The Consumer Financial Protection Bureau is reorganizing its supervision and enforcement units which could lead to less scrutiny of smaller companies in the financial services industry, including debt collectors, according to a published report.
The reorganization is an attempt to eliminate the “arguing” that goes on in the Bureau’s Office of Supervision, Enforcement, and Fair Lending over which institutions to examine and investigate, said Bryan Schneider, the CFPB’s associate director of supervision, in a memo that was circulated within the Bureau last week, according to a published report. The decision to restructure was made after seven months of work with staff in the SEFL office, who cited communication problems between the supervision and enforcement units. The restructuring will take six months to complete.
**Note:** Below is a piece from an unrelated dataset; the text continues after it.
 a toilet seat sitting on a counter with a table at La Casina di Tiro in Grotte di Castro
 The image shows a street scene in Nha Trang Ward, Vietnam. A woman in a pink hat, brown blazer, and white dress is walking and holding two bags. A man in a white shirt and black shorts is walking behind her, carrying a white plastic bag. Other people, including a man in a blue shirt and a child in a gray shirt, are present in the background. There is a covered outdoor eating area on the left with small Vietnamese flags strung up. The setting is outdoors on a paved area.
Under the new structure, final decisions on supervision and enforcement matters will be made by a team that had previously dealt only with supervision policy, called the Office of Supervision Policy. It will now be called the Office of SEFL Policy and Strategy. That unit will be run by Peggy Twohig, the Bureau’s assistant director for supervision policy. She will have to sign off on any enforcement investigations undertaken by the unit. A separate unit that coordinates exam schedules, called the Office of Supervision Examinations, will be renamed the Office of Supervision.
The reorganization is going to take “significant power” away from the enforcement unit because they will now be required to obtain approval from someone outside of their department before opening investigations.
Sen. Sherrod Brown [D-Ohio], the ranking member of the Senate Banking Committee, blasted the decision in a letter that was sent to CFPB Director Kathleen Kraninger, especially because it is unclear if she will remain in the job after the upcoming presidential election. The reorganization “will weaken the Bureau’s ability to protect consumers from exploitation, abuse, and discrimination in the marketplace,” Sen. Brown wrote. “If you insist on going down this ill-advised path, you should at least not move forward with the SEFL reorganization until it is clear that you will continue as Director.”